#### [Task to complete]
What is needed is an exact copy of all the records below.

Dataset entries:
╭──
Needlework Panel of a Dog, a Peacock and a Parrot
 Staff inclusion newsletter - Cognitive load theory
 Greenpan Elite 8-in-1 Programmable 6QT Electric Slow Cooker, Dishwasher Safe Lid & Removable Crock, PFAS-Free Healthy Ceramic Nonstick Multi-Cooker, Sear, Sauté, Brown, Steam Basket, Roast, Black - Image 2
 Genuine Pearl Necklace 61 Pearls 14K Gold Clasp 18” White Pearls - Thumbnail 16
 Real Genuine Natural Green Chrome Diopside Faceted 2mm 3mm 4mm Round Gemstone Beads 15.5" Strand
╰──
#### [Your response]
Needlework Panel of a Dog, a Peacock and a Parrot
 Staff inclusion newsletter - Cognitive load theory
 Greenpan Elite 8-in-1 Programmable 6QT Electric Slow Cooker, Dishwasher Safe Lid & Removable Crock, PFAS-Free Healthy Ceramic Nonstick Multi-Cooker, Sear, Sauté, Brown, Steam Basket, Roast, Black - Image 2
 Genuine Pearl Necklace 61 Pearls 14K Gold Clasp 18” White Pearls - Thumbnail 16
 Real Genuine Natural Green Chrome Diopside Faceted 2mm 3mm 4mm Round Gemstone Beads 15.5" Strand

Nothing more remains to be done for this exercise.